The key trick: letting arithmetic talk about syntax


At first glance, a system about numbers seems to have nothing to do with its own sentences and proofs. Gödel’s stroke of genius was to encode every bit of syntactic data—letters, words, sentences, and entire proofs—by ordinary whole numbers. This is called arithmetisation of syntax.


Think of it like giving every piece of text a unique barcode. Once you have a scheme that assigns a number to each symbol and a recipe for combining these numbers to encode whole sentences and proof lists, questions about strings of symbols can be turned into questions about numbers. For example:


  • “Is this string a well-formed sentence?” becomes “Does this number have the arithmetical property that corresponds to being well-formed?”


  • “Is this list of sentences a valid proof of that sentence?” becomes “Does this pair of numbers fit the arithmetical pattern that encodes a correct proof-relation?”


Because our system already knows how to reason about numbers, and because the encoding uses only basic arithmetic operations, the system can express these syntactic properties internally. In plain terms, the system can write down a statement that says, “There exists a number which is the barcode of a valid proof of the sentence with barcode such-and-such.”


From this we obtain a crucial ingredient: a provability predicate—a formula inside the system that, when fed the barcode of a sentence, asserts “there is a number that codes a proof of this sentence.” One can also express the absence of proof.
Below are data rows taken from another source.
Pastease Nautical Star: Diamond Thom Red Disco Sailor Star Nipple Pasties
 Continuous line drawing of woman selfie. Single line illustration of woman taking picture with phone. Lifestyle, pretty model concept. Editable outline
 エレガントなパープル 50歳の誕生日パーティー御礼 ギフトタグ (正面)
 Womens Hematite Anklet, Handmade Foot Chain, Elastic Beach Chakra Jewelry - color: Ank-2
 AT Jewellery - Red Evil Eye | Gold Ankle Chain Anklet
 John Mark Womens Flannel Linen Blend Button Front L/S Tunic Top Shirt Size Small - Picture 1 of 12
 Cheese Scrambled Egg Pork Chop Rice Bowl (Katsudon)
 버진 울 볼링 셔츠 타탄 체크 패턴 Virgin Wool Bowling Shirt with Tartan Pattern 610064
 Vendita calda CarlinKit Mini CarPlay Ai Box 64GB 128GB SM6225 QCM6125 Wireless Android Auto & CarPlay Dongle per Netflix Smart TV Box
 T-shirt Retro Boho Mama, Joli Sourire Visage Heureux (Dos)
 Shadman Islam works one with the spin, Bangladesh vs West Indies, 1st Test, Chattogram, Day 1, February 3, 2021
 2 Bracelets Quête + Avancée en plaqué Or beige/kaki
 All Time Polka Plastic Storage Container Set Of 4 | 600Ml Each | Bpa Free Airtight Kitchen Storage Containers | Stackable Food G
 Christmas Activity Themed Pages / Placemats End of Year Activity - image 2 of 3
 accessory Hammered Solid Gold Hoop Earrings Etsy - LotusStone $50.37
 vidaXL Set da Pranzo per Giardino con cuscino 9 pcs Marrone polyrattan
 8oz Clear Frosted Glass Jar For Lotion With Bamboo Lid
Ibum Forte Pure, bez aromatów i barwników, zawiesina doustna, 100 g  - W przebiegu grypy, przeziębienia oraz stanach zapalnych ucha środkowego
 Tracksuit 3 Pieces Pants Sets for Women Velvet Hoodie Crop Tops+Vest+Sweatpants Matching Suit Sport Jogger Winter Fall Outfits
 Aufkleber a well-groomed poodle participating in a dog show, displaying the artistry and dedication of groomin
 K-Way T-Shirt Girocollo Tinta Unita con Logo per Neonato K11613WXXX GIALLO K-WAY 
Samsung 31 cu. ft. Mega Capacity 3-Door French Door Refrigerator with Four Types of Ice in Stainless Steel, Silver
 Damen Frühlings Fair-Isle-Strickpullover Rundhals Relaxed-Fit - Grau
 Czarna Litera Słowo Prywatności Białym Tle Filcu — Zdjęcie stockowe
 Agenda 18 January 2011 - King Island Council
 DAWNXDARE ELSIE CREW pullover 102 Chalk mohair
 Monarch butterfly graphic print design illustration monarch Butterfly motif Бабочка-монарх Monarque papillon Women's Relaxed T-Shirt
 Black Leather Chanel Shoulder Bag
The mirror: building a self-referential sentence


The next ingredient is a general method for creating self-reference, called the diagonal or fixed-point construction. Here is the idea without symbols.


Suppose you can write templates for sentences with a blank—“The sentence with barcode ‘blank’ is not provable.” For any particular filling of the blank (that is, for any particular barcode), you have a concrete sentence. The diagonal method shows how to choose a filling that points the sentence back at itself. You end up with a specific sentence G that effectively says:


“This very sentence is not provable in the system.”


Nothing mystical happens: the claim is achieved by combining the barcode trick with a careful template so that the sentence’s own barcode is the one inserted into its blank.


Why G forces incompleteness


Consider what happens if the system is consistent.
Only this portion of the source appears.